Bug 623181

Summary: [RHEL6] Dumping core of RHEL6 i386 PV guest immediately after it is created got error
Product: Red Hat Enterprise Linux 5 Reporter: Yufang Zhang <yuzhang>
Component: xenAssignee: Xen Maintainance List <xen-maint>
Status: CLOSED NOTABUG QA Contact: Virtualization Bugs <virt-bugs>
Severity: medium Docs Contact:
Priority: low    
Version: 5.6CC: ddutile, drjones, xen-maint
Target Milestone: rc   
Target Release: ---   
Hardware: All   
OS: Linux   
Whiteboard:
Fixed In Version: Doc Type: Bug Fix
Doc Text:
Story Points: ---
Clone Of: Environment:
Last Closed: 2010-08-13 09:18:22 UTC Type: ---
Regression: --- Mount Type: ---
Documentation: --- CRM:
Verified Versions: Category: ---
oVirt Team: --- RHEL 7.3 requirements from Atomic Host:
Cloudforms Team: --- Target Upstream Version:
Embargoed:
Attachments:
Description Flags
xm dmesg logs
none
xend.log none

Description Yufang Zhang 2010-08-11 14:32:02 UTC
Created attachment 438203 [details]
xm dmesg logs

Description of problem:
When we try to dump core a RHEL 6 i386 PV guest with memory size >= 1G, xm dump-core command failed with error output.

Version-Release number of selected component (if applicable):
kernel-xen-devel-2.6.18-210.el5
xen-3.0.3-115.el5
xen-debuginfo-3.0.3-115.el5
xen-devel-3.0.3-115.el5
kernel-xen-2.6.18-210.el5
xen-libs-3.0.3-115.el5

RHEL 6 PV guest:
snapshot 10 (20100807.0)
kernel-2.6.32-59.1.el6.i386

How reproducible:
Not always but quite easy to reproduce

Steps to Reproduce:
1. Reboot the host to get fresh environment
2. Create a RHEL6 i386 PV guest with memory=1024 maxmem=2048
3. Try to dump core the PV guest via command xm dump-core
  
Actual results:
# xm dump-core vm1
Dumping core of domain: vm1 ...
Error: Failed to dump core: (1, 'Internal error', 'p2m_size < nr_pages -1 (0 < 3ffff')
Usage: xm dump-core [-L|--live] [-C|--crash] <Domain> [Filename]
 
Dump core for a specific domain.


Expected results:
Could dump core successfully

Additional info:
(1) Cannot reproduce this bug when set guest memory size as 512M
(2) RHEL6 x86_64 PV guest didn't hit this problem
(3) Other PV guest(RHEL5, RHEL4) didn't hit this problem
(4) When you do a dump core for a other PV guest and succeed, then you cannot reproduce this bug on the same host, unless you reboot the host and repeat Step1 to Step 3.
(4) xm dmesg is attached. xend.log is uploaded soon.

Comment 1 Yufang Zhang 2010-08-11 14:33:29 UTC
Created attachment 438204 [details]
xend.log

Comment 2 Yufang Zhang 2010-08-11 14:38:51 UTC
Add another additional info:
Cannot reproduce this bug with RHEL6 snapshot8(20100722.0) i386 PV guest .

Comment 3 Yufang Zhang 2010-08-12 02:10:17 UTC
Re-test this bug on a i386 host, didn't hit this problem.

Comment 4 Andrew Jones 2010-08-12 13:22:27 UTC
I can't reproduce this at all.
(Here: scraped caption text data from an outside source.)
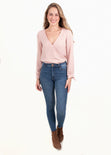 Blusa cruzada rosada con moños en mangas para mujer - Flashy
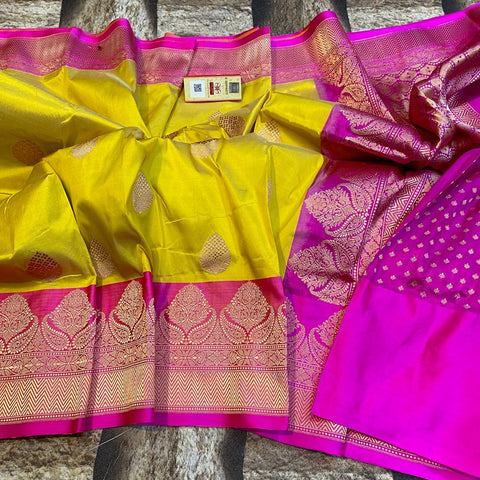 Yellow Banarasi Silk Sarees Get Extra 10% Discount on All Prepaid Transaction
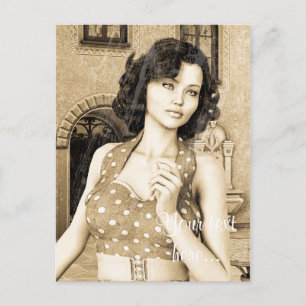 Vintage Woman Postcard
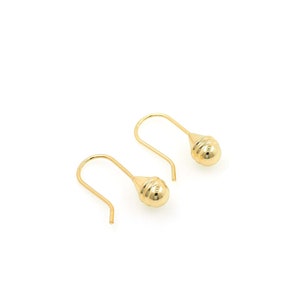 18K Gold Filled Thin Earring,Line Ear Hooks,Ball Hook Earrings,U-Shaped Ear Hook,Curved Earring,Fishhook earring,DIY Jewelry Supplies,24x7mm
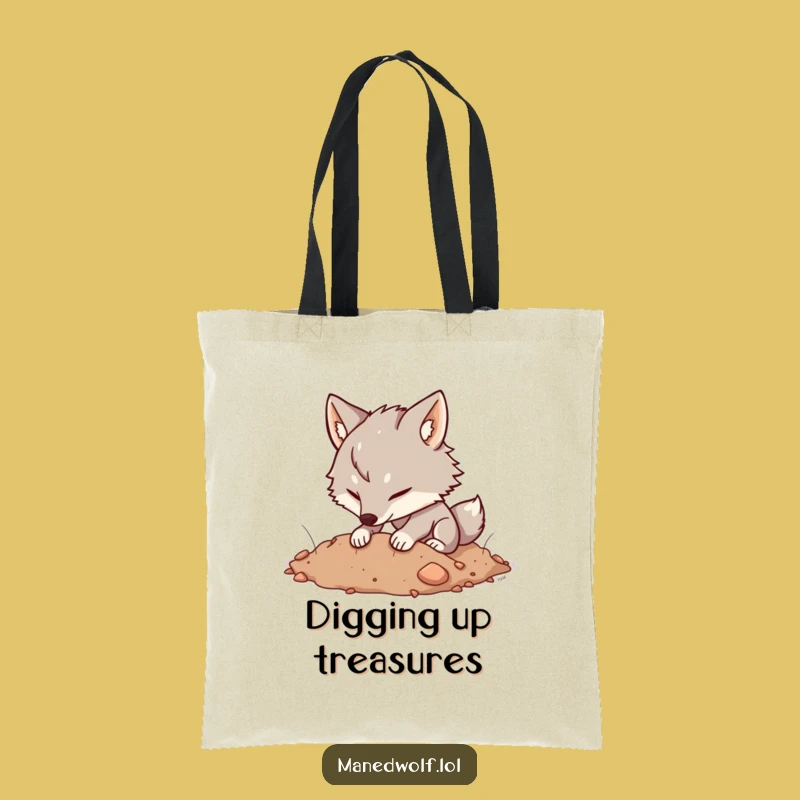 Funny Kawaii Maned Wolf Digging Tote Bag: Garden Helper, Stylish Funny Gift!
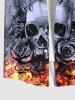 Plus Size Distressed Crow Skull Rose Flower Fire Flame Print Halloween Button Pocket Shirt For Men -  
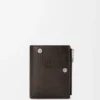 Panta slim compact wallet in shiny calfskin Vintage Brown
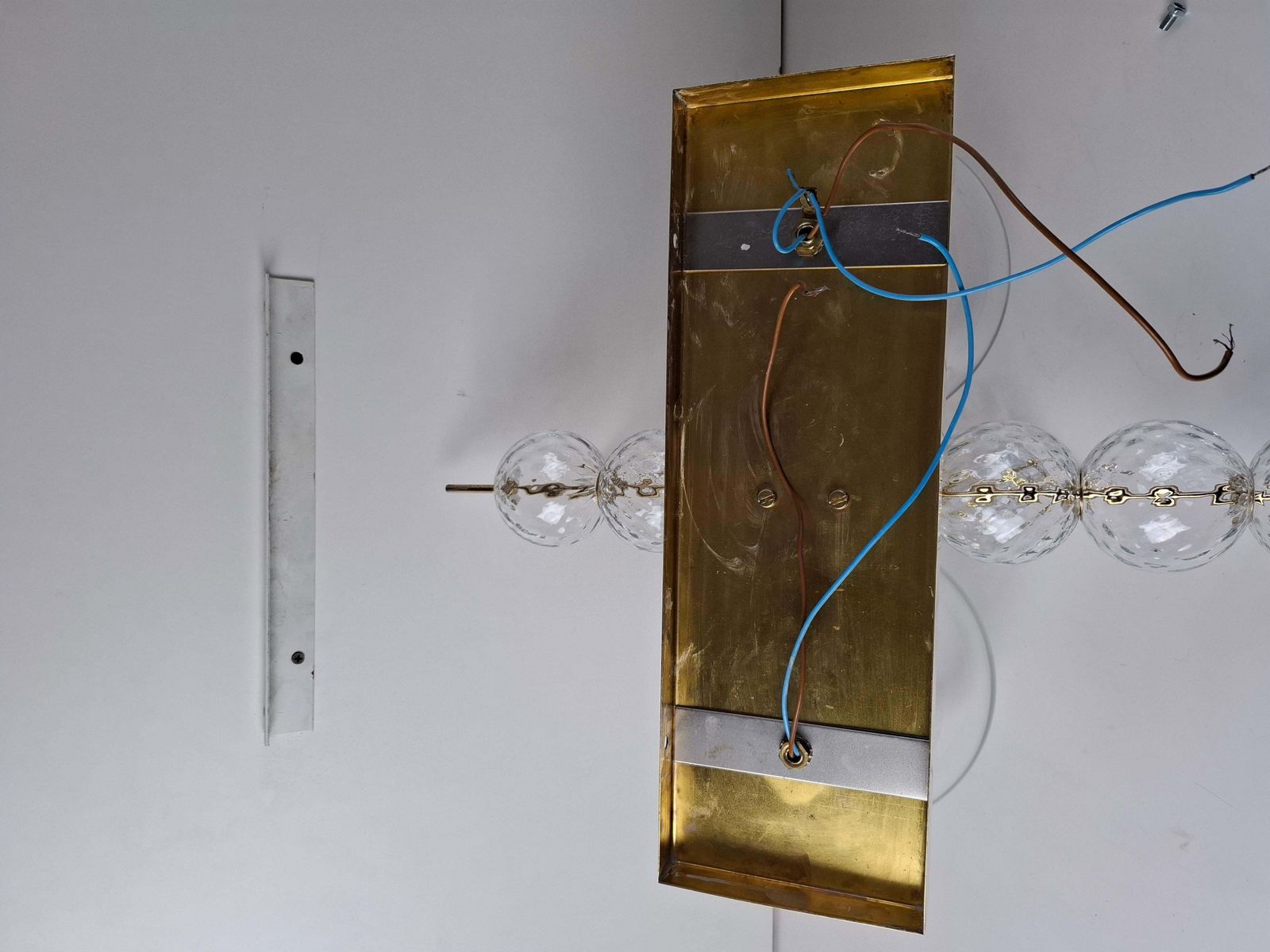 photo for sale Midcentury Czech Brass And Glass Wall Sconce By Kamenický šenov, 1970s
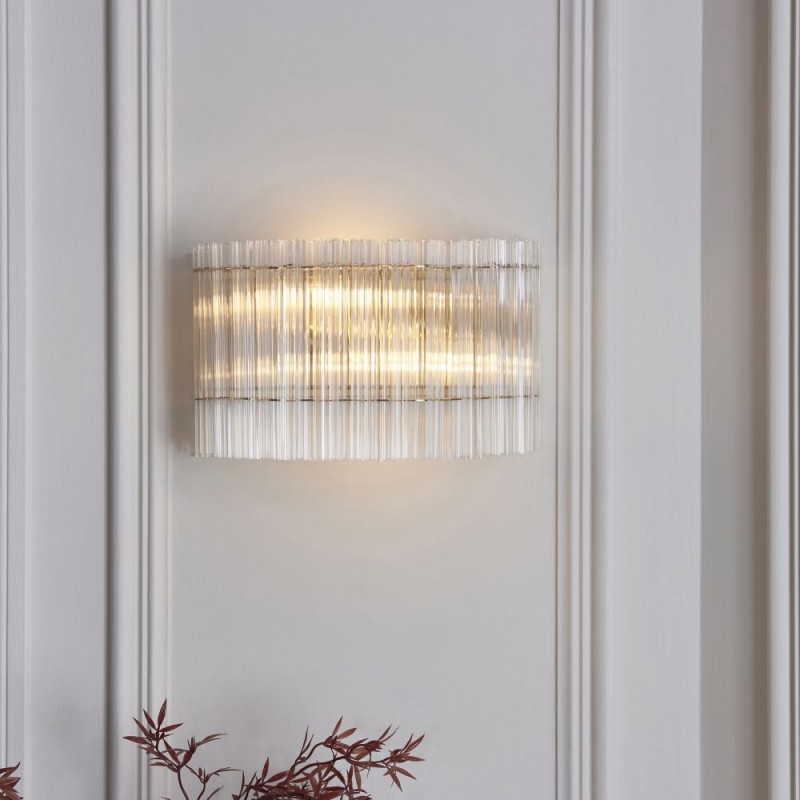 - Louise - Brushed Aged Brass 2 Light Wall Lamp with Clear Ribbed Glass Rods Ambience-114217 - Louise - Brushed Aged Brass 2 Light Wall Lamp with Clear Ribbed Glass Rods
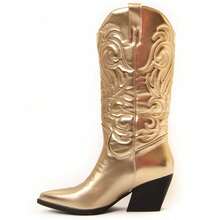 Women's Gold High Heel Cowboy Boot Bottavita13 Montevita Estimated Delivery 2-3 Business Days (Peninsula) - Gold - View 4
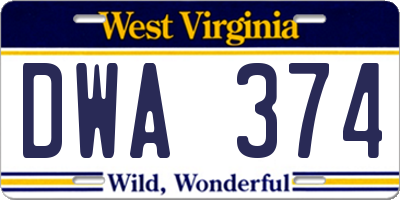 WV license plate DWA374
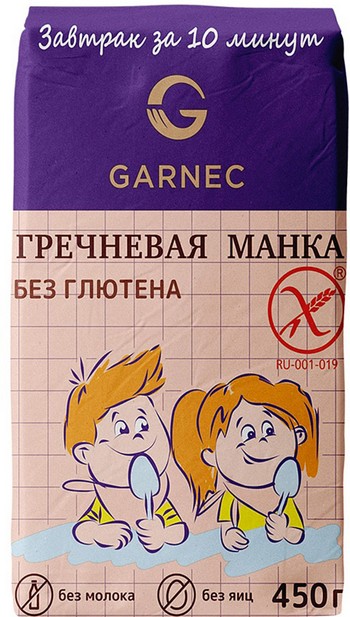 Крупа Garnec гречневая манка б/глютена 450г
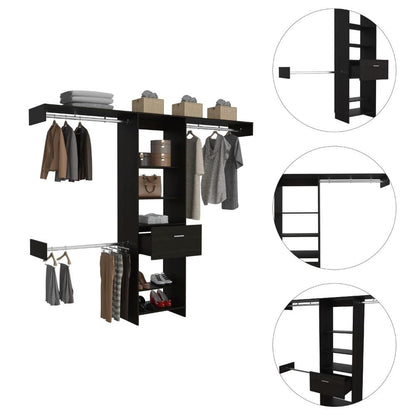 Wenge 4-Shelf Bedroom Storage Unit for Home Spaces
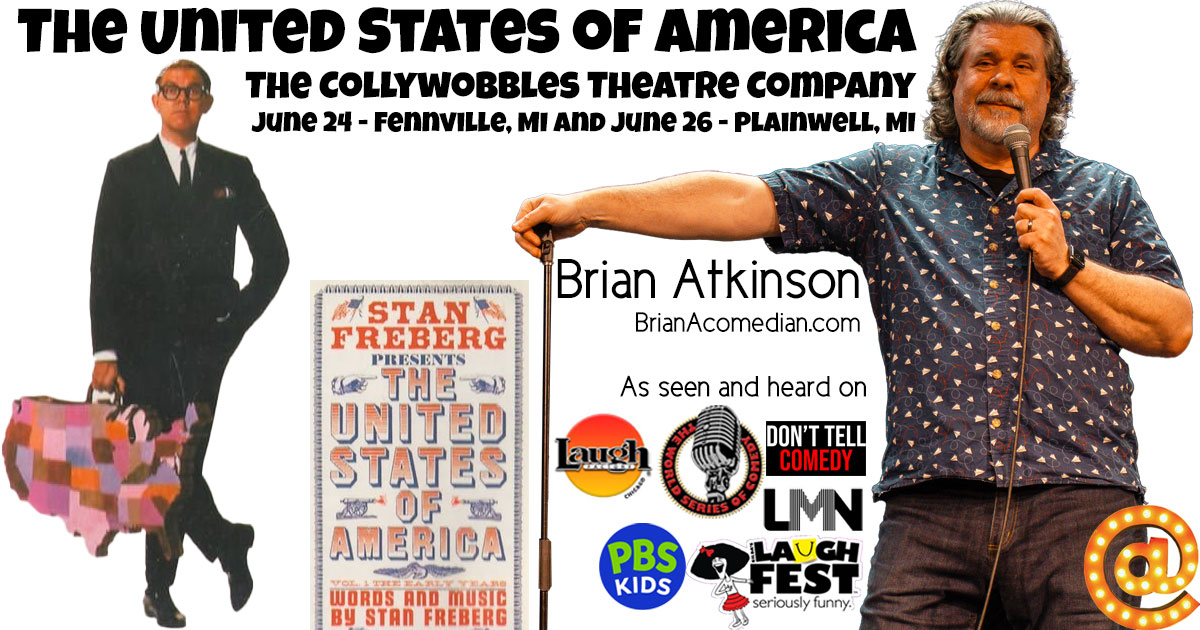 Brian Atkinson performing voices on stage for the radio play, Stan Freberg's United States of America with the Collywobbles Theater Company.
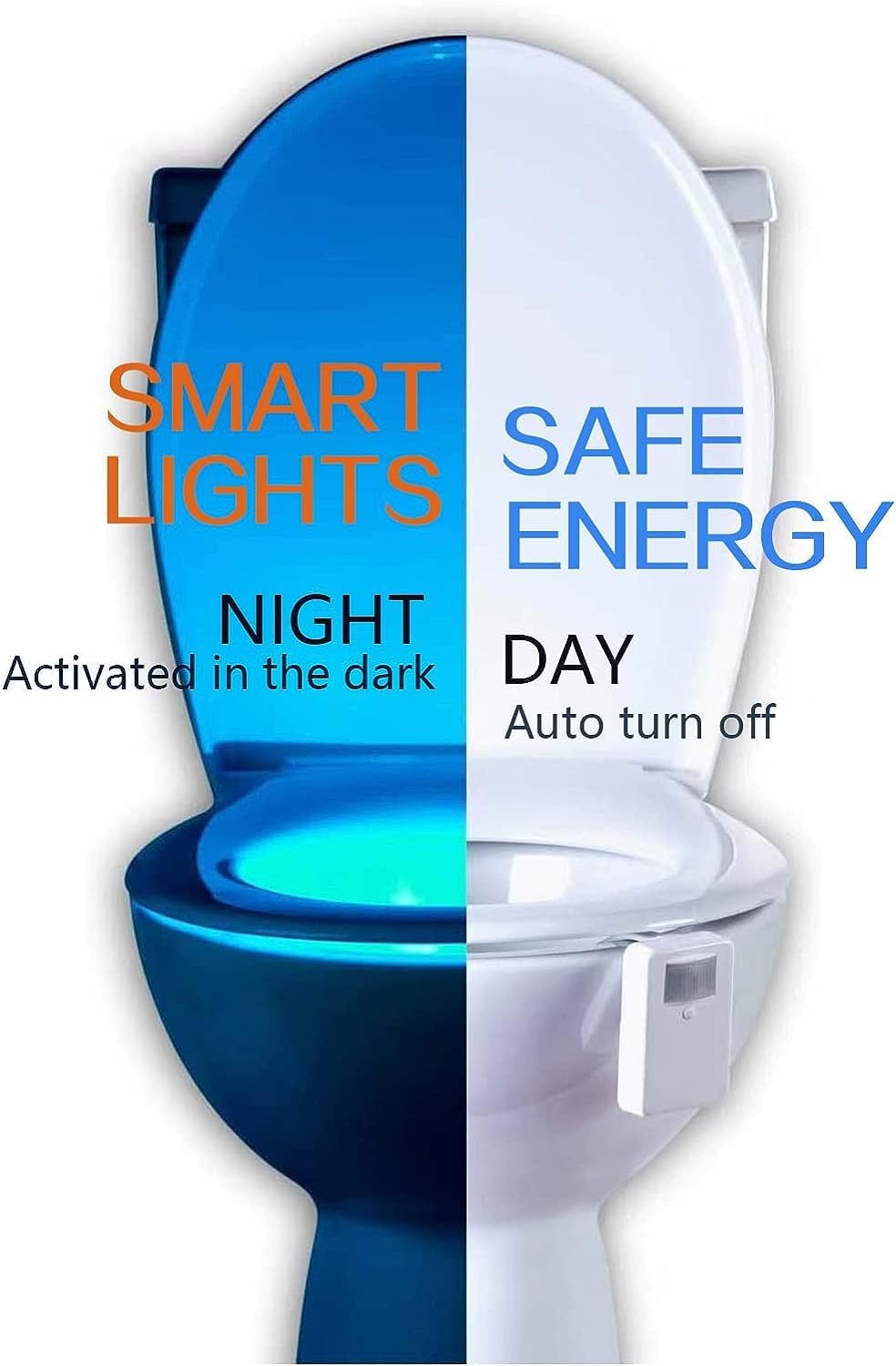 2xToilet Night Lights, 16-Color Changing LED Bowl Nightlight with Motion Sensor Activated Detection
I've tried matching everything described here (host versions HV/userspace, guest kernel version, memory config, etc.), rebooting before each try, but it always works for me.

Am I missing an ingredient to get it to reproduce? Are you still able to reproduce it every time? What about with later guest kernels like -63?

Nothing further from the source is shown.